Abigail Sebahar (12) transports her piece into a trash can filled with fire. Sebahar fired three pieces.

Nicole Milaszewski

Ceramics classes stepped out of the box on Oct. 13 with their once a semester, outdoor firing.

“Instead of doing the usual firing in the kiln, we did raku firing. Raku firing is when you put your piece in a trash can that reaches about 1800 degrees for 15 minutes, then put it in a trash can filled with hay, which causes it to catch on fire because of how high the temperature was. The final step is to put the piece into a cold bucket of water to lower the temperature of the piece,” Joelle Kelley (12) said.

The unique process of making their pottery allowed students to try new methods and ideas due to the different feel the firing style gave them.

“I wanted my three pieces to balance each other out, so I made the outer [pieces] curve inwards toward the taller middle one. I also chose colors that were more on the dark side to incorporate the fire for a burnt type of look. I wanted the pieces to seem more natural because raku firing is so different that the normal kiln we use for our other pieces,” Kelley said.

With a major process change in what ceramic students are used to, some difficulties did arise.

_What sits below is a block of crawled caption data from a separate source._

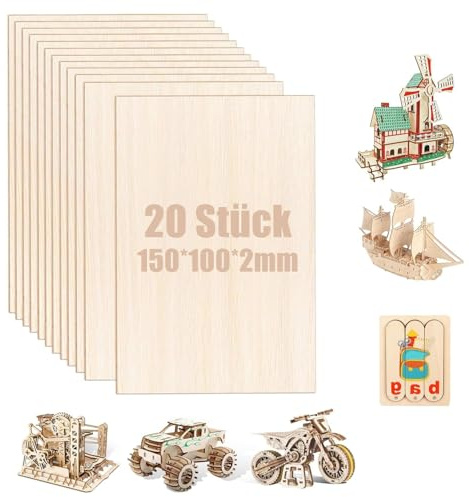 Sperrholzplatte Holz, 20 Stück Lindenholz Sperrholz Platten, Laser Geschnittene Holzplatten, 100 x 150 x 2 mm Sperrholzplatten für Heimwerkerprojekte, Zeichnen, Architekturmodelle, und Gravieren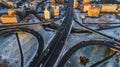 Aerial view of Riga elevated road junction and interchange overpass at winter sunset time Royalty Free Stock Photo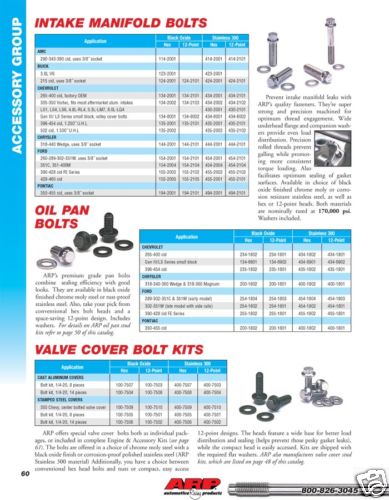 Kit de cubierta de válvula BBC ARP 400-7506 1/4-20" Juego de acero inoxidable de 14 @ TECNOLOGÍA DE VELOCIDAD - Imagen 1 de 1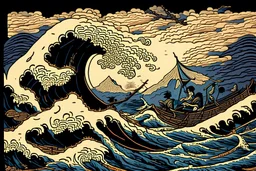 the odyssey quest by homer, in the style of hokusai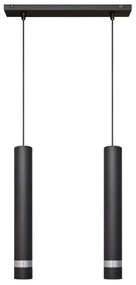 LED csillár TUBA 2xGU10/4,8W/230V fekete/fényes króm, kábelre szerelhető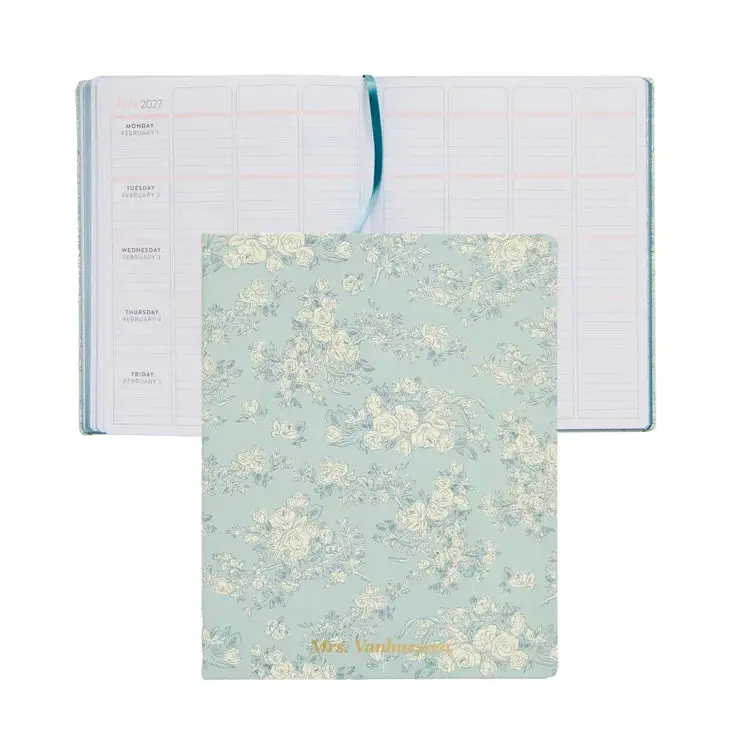 Softbound Teacher Lesson Planner, 8x10 Toile Wallpaper Eucalyptus Design, July 2026-June 2027 Personal Organiser for Office Stationery Supplies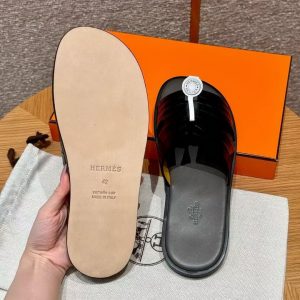 Hermes Izmir Sandal Men Matte Mississippiensis Alligator Black Gris Eatin - Image 5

“The hardest part would have to be moving the pieces from each trash can to another. We are so used to having to pick them up by our hands and being able to control them because they were so hot you couldn’t, you had to use tongs,” Kelley said.

While the project was a challenging tasks, students got to visualize the firing process, something that normally happens in the kiln.

“My favorite part was the second step, putting the pieces into the trash can filled with hay and seeing it catch on fire,” Kelley said.